Some people have truly biological problems with their minds that require them to need actual medication, philosophy cannot cure that, and some people are truly mentally ill and only medication and the advice of true medical experts can help them. For others less afflicted however, philosophy paired with their medication can help them ascend to a better plain of conscious awareness.

I get asked a lot of very good questions from everyday people like myself about philosophy and how it helps me and what not. One time when discussing philosophy and it’s use, someone asked me a very good question, they asked, “If I or someone I know is being abused , how can Stoicism help with that?”

This is a very good question and I’ll answer it here the way I did then. I basically said to them…

“The way I see it and I’m no expert or even a great stoic, I have tons of self work to do but , Stoicism is a guideline, it is a collection of thoughts and wisdom to be practiced and utilized to help shape your own self into a virtuous and a solid minded being. A stoic should still respond to extreme danger or extreme situations like abuse with the utmost care and seriousness even if the philosophy itself has no clear answer for the specific extreme situation.

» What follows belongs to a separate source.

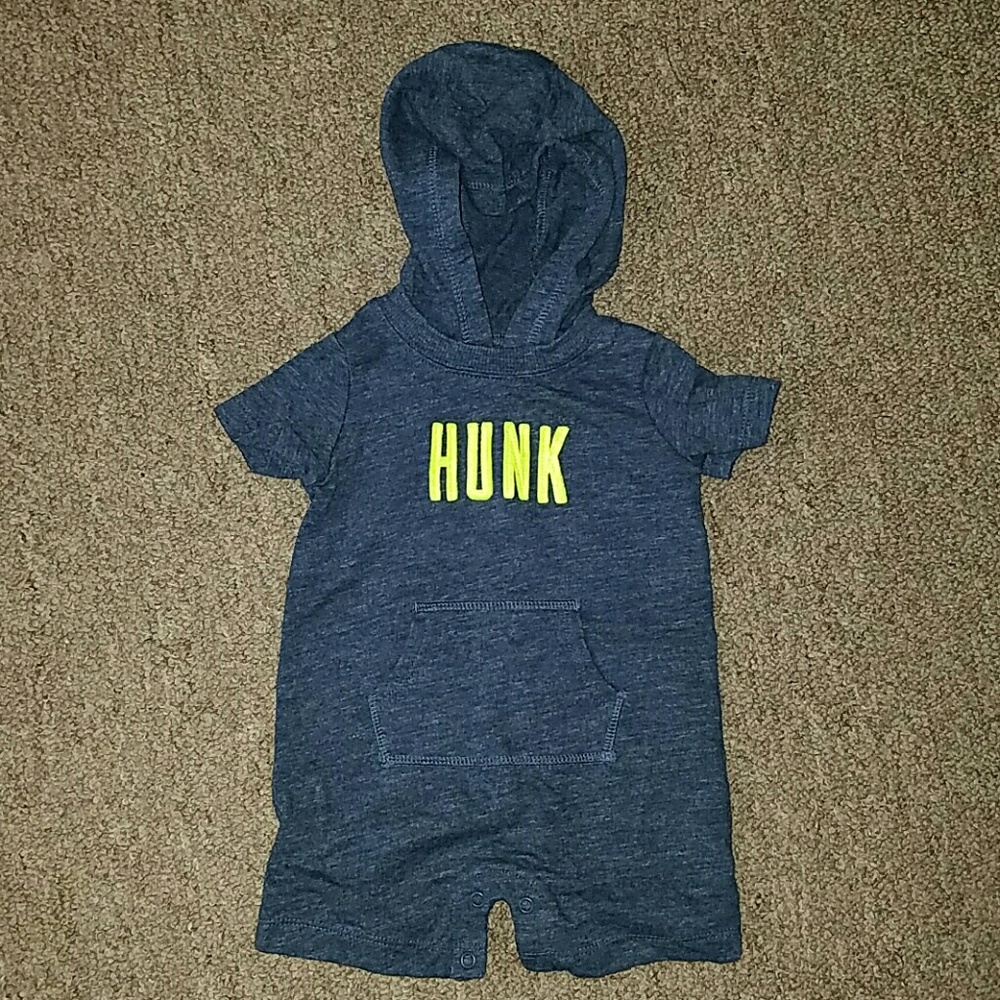 NWOT  Carter's hooded romper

If someone is abusing you, you need to find help from somewhere, if you are not confident or comfortable enough to stand up to it yourself. There is no shame in feeling like you can’t challenge an abuser alone, but you must muster up the courage to challenge them somehow via help of family , friends, professionals and/or authorities for your own sake. Yes, someone may come along to help, but as Epictetus says, “With such serviceable hands as these, do you still look for someone else to wipe your nose?”. It’s much better to try and help yourself in someway , if you can.

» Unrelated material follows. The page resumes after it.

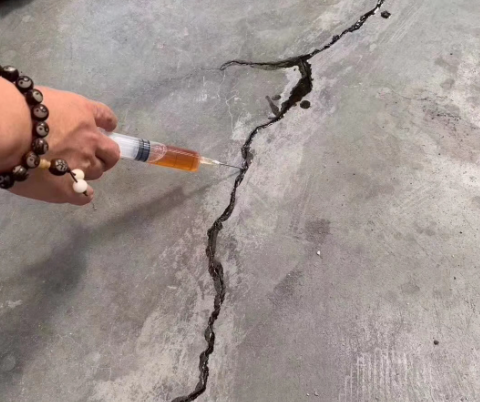 龙子湖混凝土裂缝修补技术详解​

Children are obviously exempt from this responsibility for themselves, it’s up to us adults to step in for them but even some adults are not equipped to stand up to abuse because basically the abuser has broken them and intimidated them or has some sort of legal, or physical power over the victim. (eg. a physically /mentally disabled or elderly abused persons)

Abuse is not to be endured by any mindset, the only use a mindset like stoicism holds in a situation like outright abuse is that it can help you endure while you find a way to free yourself from it. Please seek help from an abuse hotline, police, friends family, social workers etc. if you or someone you know is being abused.”

Philosophy’s like Stoicism are great tools to combat the internal ills of one’s own mind, but no philosophy has the answers to it all. Even Stoicism can’t teach you how to react to EVERY situation and it should not be used as such either. I do not agree with some of the things Marcus Aurelius says in his meditations but that is fine, the words of philosophy are to be challenged at times and shaped to fit yourself, it is a guideline not a rule book.

Use philosophy, follow the guide, do your best to stay within the ideas, but do not try to use it as a “fix all”. There is no “fix-all”, there are only guidelines and self discipline. The best way to help ourselves is to understand what we feed our mind, while maintaining our own discipline to stay true to ourselves and our own virtue. I am no expert but that is my take on it. Thank you for reading, I really do appreciate it.